EXERCISE DIRECTIONS.
With pictures excluded, retype exactly every line from the one containing "Gâteau Minnie rond" to the end of the records below.

[Short text fragments from websites]

- - - -

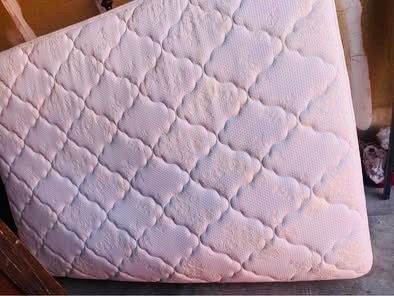 Full-size Serta mattress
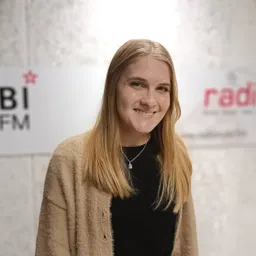 #764 - Com crear un CV efectiu amb Beatriz Gómez, assessora laboral - episode art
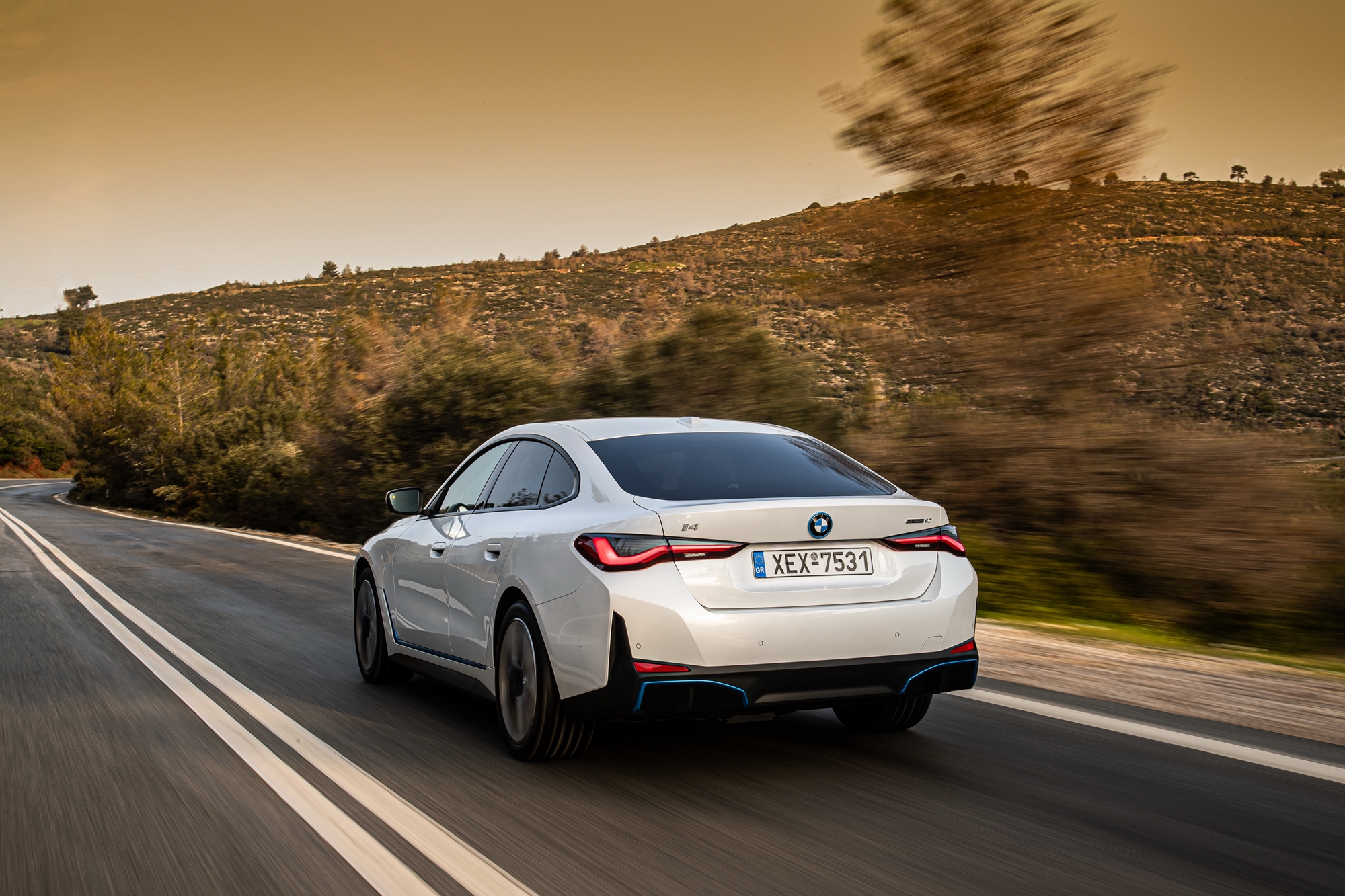 BMW i4: σπορ, «πράσινη» και premium-1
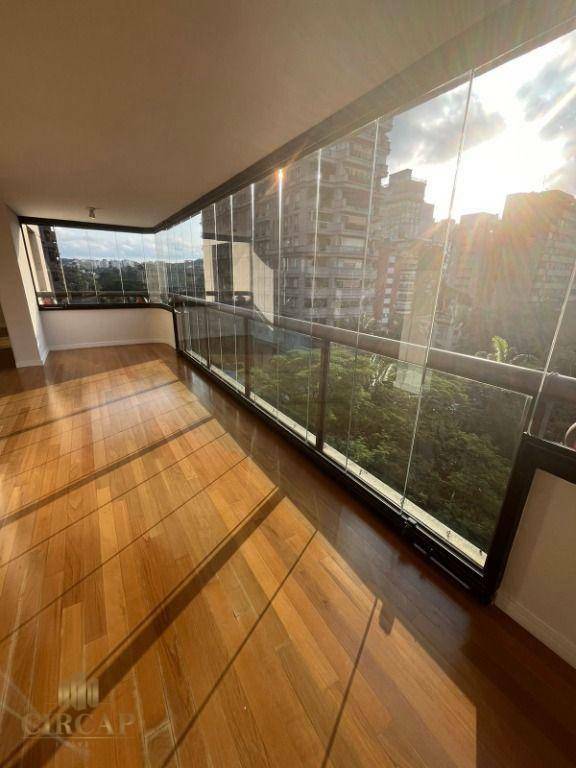 Apartamento para alugar com 4 quartos, 350m² - Foto 4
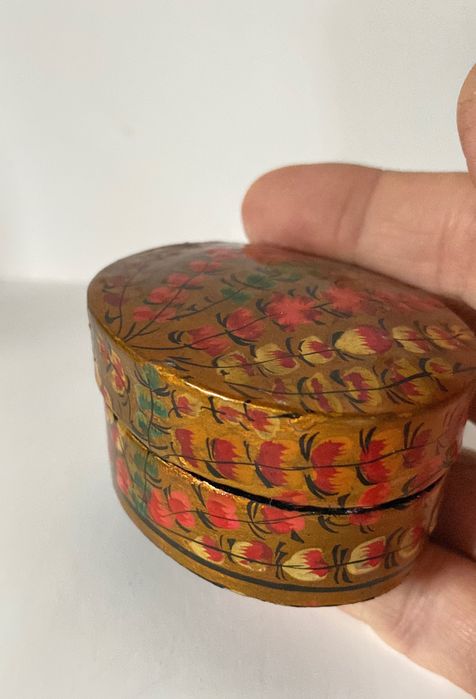 Pequena e linda caixa antiga.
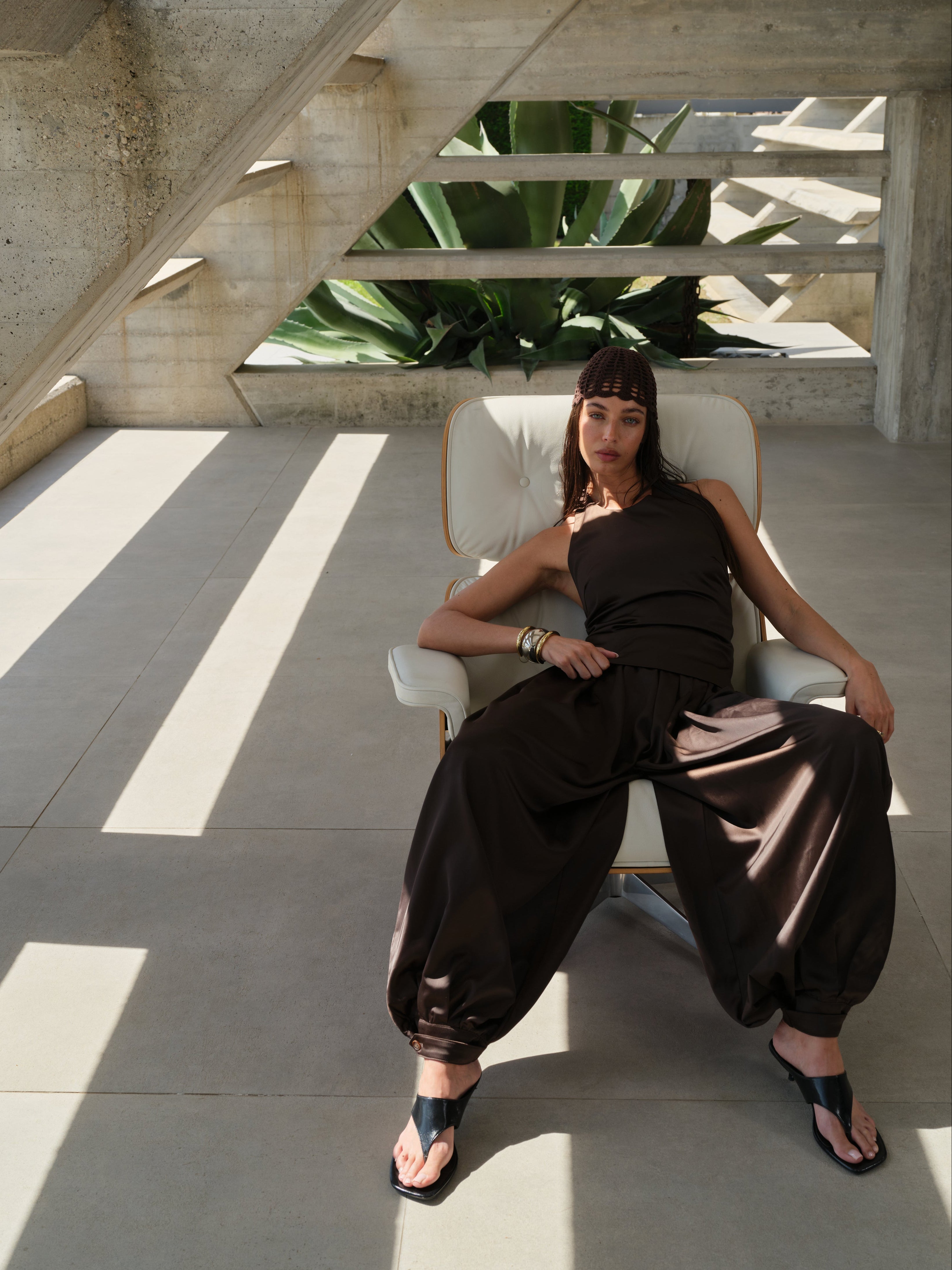 SATIN GATHERED BALLOON TROUSERS - CHOCOLATE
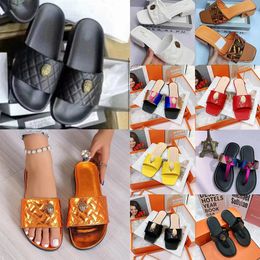 Luxury OG Oriaginal Sandals Famous Designer Women Kurt Shoes Lady Flat Bottom Calfskin Beach Slip-On Slides Leather Rubber Soft Classics Slippers Flip Flops Sandale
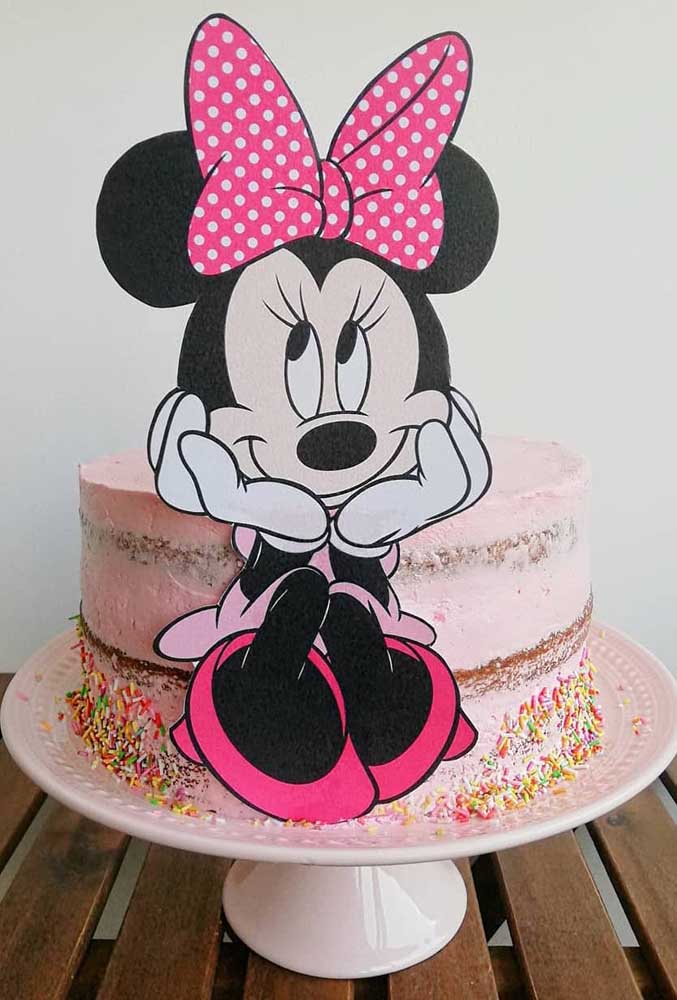 Gâteau Minnie rond et spatulé.  Pour la décoration, un totem et une confiserie colorée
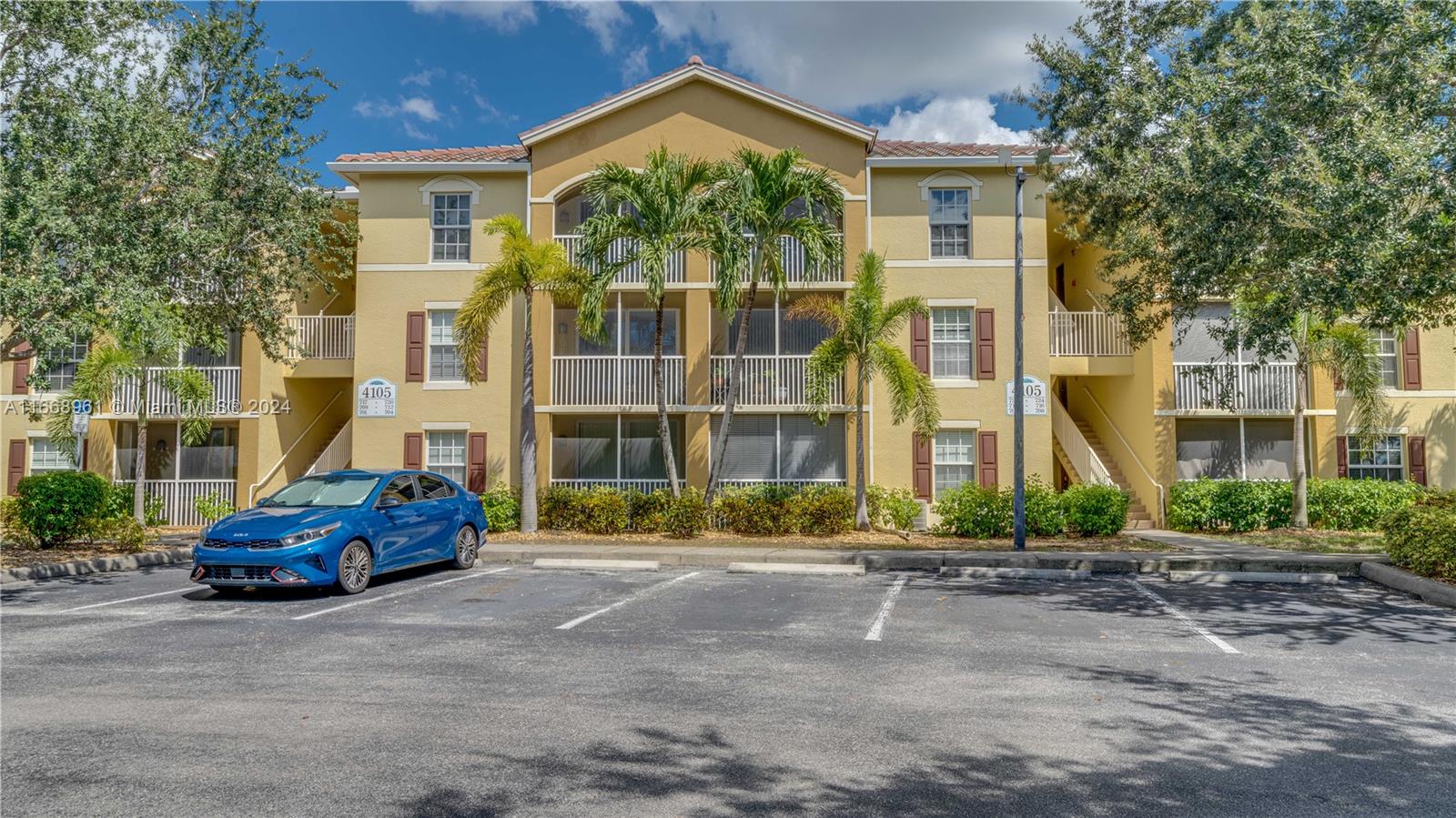 4105 Residence Drive #709, Fort Myers, Florida image 2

- - - -

YOUR SOLUTION.
 Gâteau Minnie rond et spatulé.  Pour la décoration, un totem et une confiserie colorée
 4105 Residence Drive #709, Fort Myers, Florida image 2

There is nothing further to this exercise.